The relationship between evaluation procedures (rated by the instructors) and evaluation procedures (rated by the students) was a very weak negative relationship. There was almost no relationship between the evaluation procedures as rated by the instructors and the students. As one might expect, this very weak relationship was not of statistical significance because the related p value appeared to be larger than the significance level. Similarly, the relationship between teaching method (rated by the instructors) and teaching method (rated by the students) was very weak. This very weak positive relationship did not reach statistical significance. As for behavioral aspect of the instructors, there was also a very weak positive relationship between the students’ and the  instructors’ judgements. This weak relationship, unsurprisingly, did not reach statistical significance. Finally, there was a weak positive relationship between the overall instructors’ evaluations and the overall students’ evaluations. This relationship, not unlike the previous ones, did not turn out to be statistically significant.

 

5. Discussion

The statistical analysis of the results indicated that there was no significant relationship between self-evaluation of the instructors and evaluation done by the EFL students, neither in terms of the overall evaluation, nor subcomponents of the evaluation. The results of the previous pertinent research indicated that the respondents prefer to under-report behaviors that might seem inappropriate or unfavorable by evaluators or other observers of their responses, and over-report behaviors viewed as appropriate and favorable (Dunning, Meyerowitz & Holzberg, 1989). One reason for this over rating on the part of teachers might lie in cultural issues.
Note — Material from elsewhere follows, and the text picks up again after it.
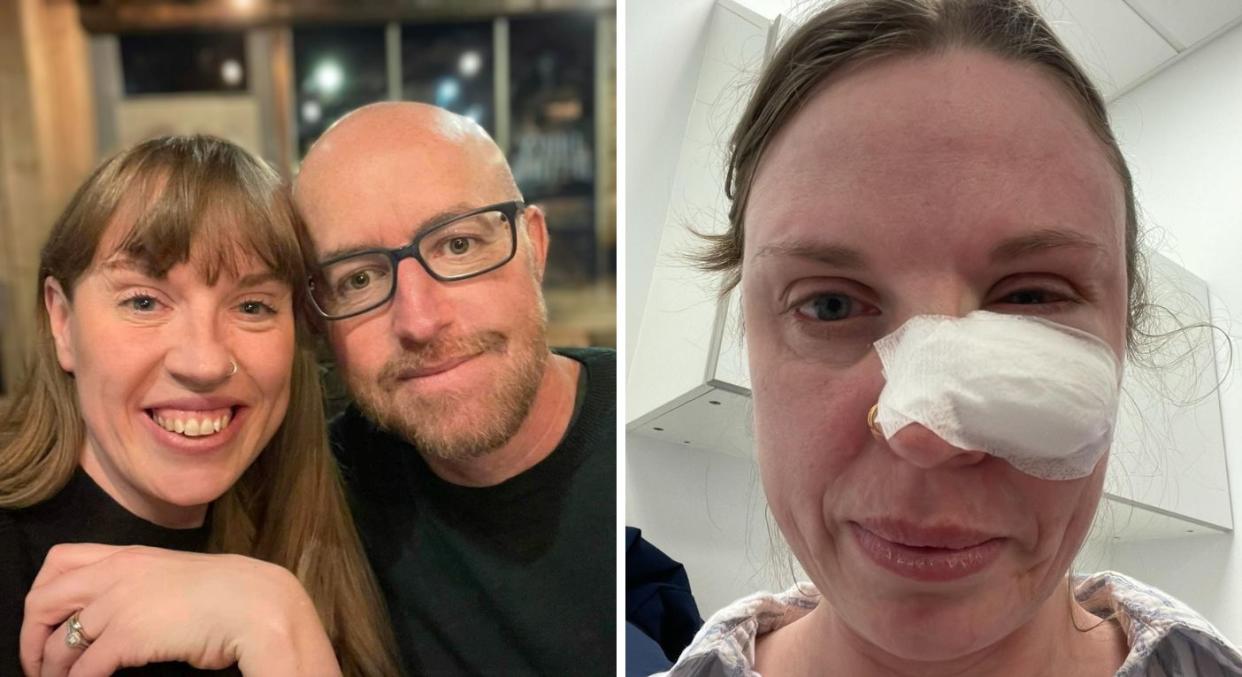 Sarah Trushell's under eye bump turned out to be skin cancer that required surgery. (Sarah Trushell/SWNS)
Based on the results of many oriental culture studies, many Eastern cultures, including Iranian culture, promote a variety of ‘selves’ according to what is appropriate to a particular context (Heine, Lehman, Markus, & Kitayama, 1999). This is because many Eastern cultures consider the self as dependent on other people and the context in which it finds itself (Kitayama & Markus, 1999). In other words, the self is regarded as an extension of significant others including peers, friends and co-workers. This view of the self maintains that individuals are interconnected, and depends on each other for self-definition (Chu, 1985; Gao, 1998). Thus, an interdependent individual sees the self as less differentiated from others and is more likely to find ways to fit in with others.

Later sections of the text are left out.